Ada juga yang mengemukakan bahwa kepercayaan satu Allah mutlak, unipersonalisme, cenderung –tentu tidak semua– membawa kepada individualisme; karena Allah satu, maka yang terpenting adalah si individu. Sebaliknya kepercayaan yang percaya ada banyak allah (politheisme) menomorsatukan komunitas, keluarga. Itu sebabnya budaya-budaya politheisme, budaya-budaya agama Timur, cenderung menomorsatukan keluarga, suku, dan individu harus berkorban demi kepentingan keluarga, dsb. Contohnya mengenai perceraian. Dalam tradisi Barat yang cenderung percaya satu Allah (karena tradisi Judeo-Christian), maka yang lahir adalah individualisme, sehingga pernikahan ujungnya adalah bagi si individu; dan dengan demikian, budaya seperti ini cenderung membuat hukum perceraian yang longgar, mudah untuk bercerai. Sedangkan di Timur, sebagai hasil dari pengaruh agama-agama Timur yang sangat politheistis, yang dipentingkan adalah komunitas –keluarga, suku, kepentingan Bersama– sehingga pernikahan bukan lagi urusan kebahagiaan individu melainkan supaya masyarakat bisa berfungsi dengan baik, supaya masa depan anak-anak terjaga; dan dengan demikian hukum perceraian biasanya sangat sulit, pernikahan sangat dijaga mati-matian, perceraian sangat sulit dalam budaya seperti itu.

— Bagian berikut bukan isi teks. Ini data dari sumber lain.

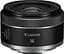 Об'єктив Canon RF 16mm F2.8 STM (5051C005) - мініатюра 1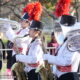 2022.11.24 - PHS Marching Band @ Philadelphia Thanksgiving Day Parade (311/348)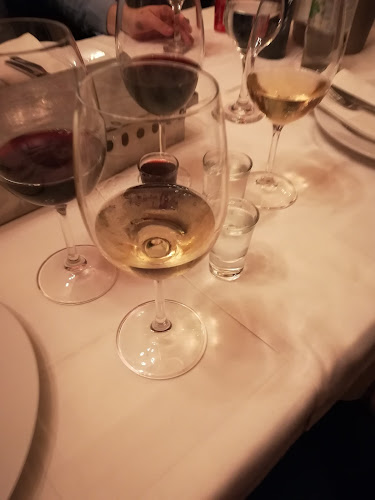 Opinii despre Maredo Zagreb în Zagreb - Gastronomija i ugostiteljstvo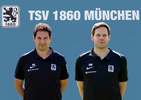 26.09.2024, TSV 1860 Muenchen 

Hier nur Vorschaubilder !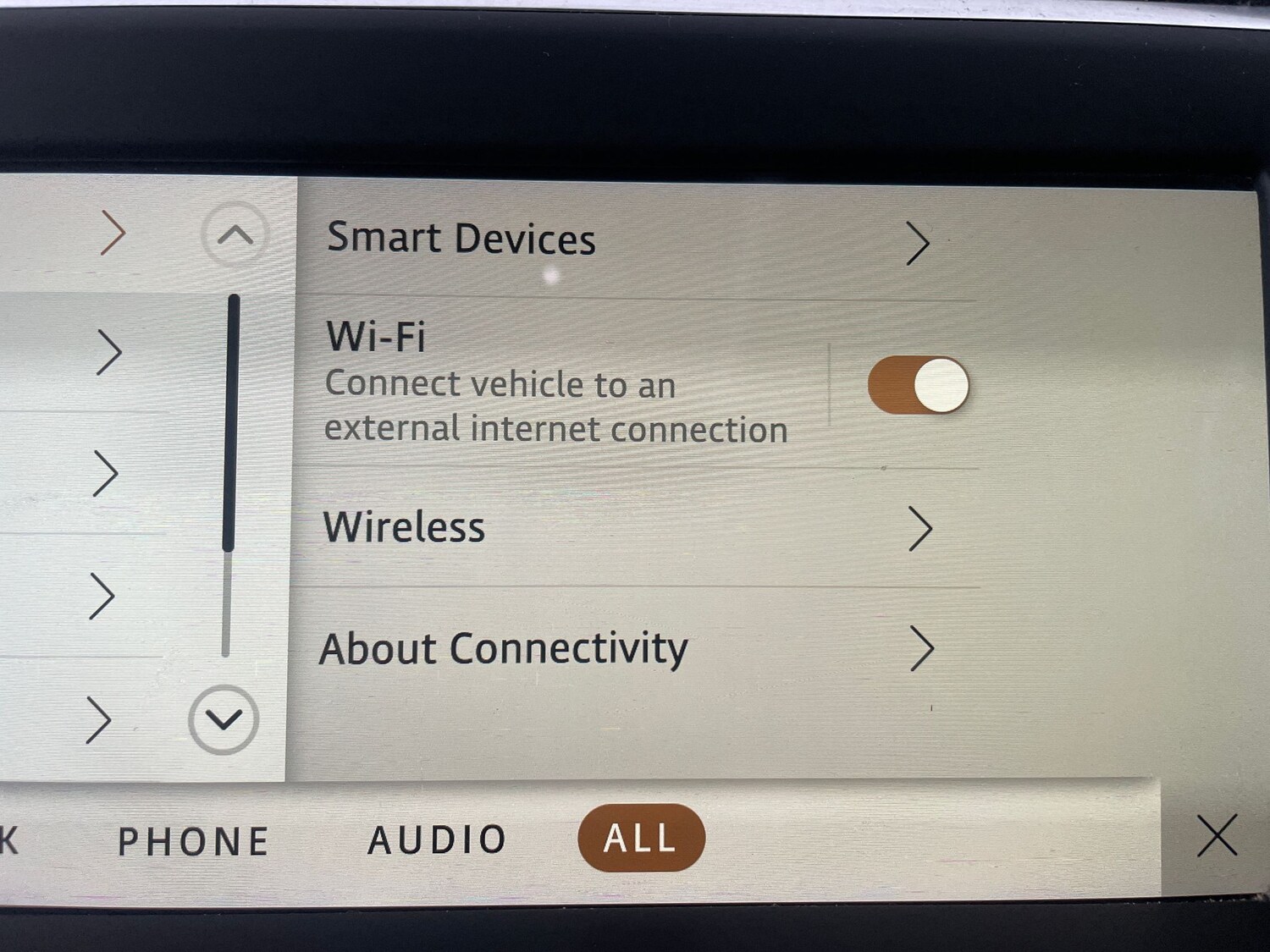 Used Land Rover Range Rover Evoque 2021 for sale - 78212295: Photo 13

Saudara sekarang bisa melihat kenapa Allah Tritunggal ini satu doktrin yang sentral, fundamental, dan bukan sekadar doktrin yang mengawang-awang, yaitu karena dalam Allah Tritunggal, kesatuan-Nya tidak lebih mendasar daripada ketigaanNya; dan inilah yang menjadikan Kekristenan harusnya punya pengertian yang begitu unik mengenai hubungan manusia dalam masyarakat.
Pertama, kembali ke yang tadi; kalau dunia ini dicipta oleh Allah Tritunggal, itu berarti apakah yang ada sebelum dunia dijadikan? Apa esensi dari Allah tersebut yang melampaui ciptaan ini? Apa yang ultimat mendasar dalam seluruh kehidupan ini? Apa yang ada sebelum ciptaan? Bukan cuma power –sudah jelas ada power karena Allah kita Allah yang berkuasa– tapi ternyata bagi Allah seperti ini, karena dari awal Dia Tritunggal, maka berarti esensi diri-Nya yang paling jelas adalah relasi kasih. Dalam dunia sekuler –dunia atheis– di mana esensi realitanya adalah evolusi dan seleksi alam, maka cinta dan kasih dan relasi tidak ada artinya, cuma mekanisme untuk kita bisa survive, untuk si ibu tidak membuang si anak, mekanisme supaya kita tidak punah, supaya kita bisa berkembang biak, sedangkan kasih hanya sekunder, bukan hal yang utama. Dalam dunia kepercayaan politheisme yang banyak dewa, kasih juga sekunder, karena kasih seorang individu tidak terlalu berharga, yang penting adalah konformitas, kesatuan, kepentingan bersama.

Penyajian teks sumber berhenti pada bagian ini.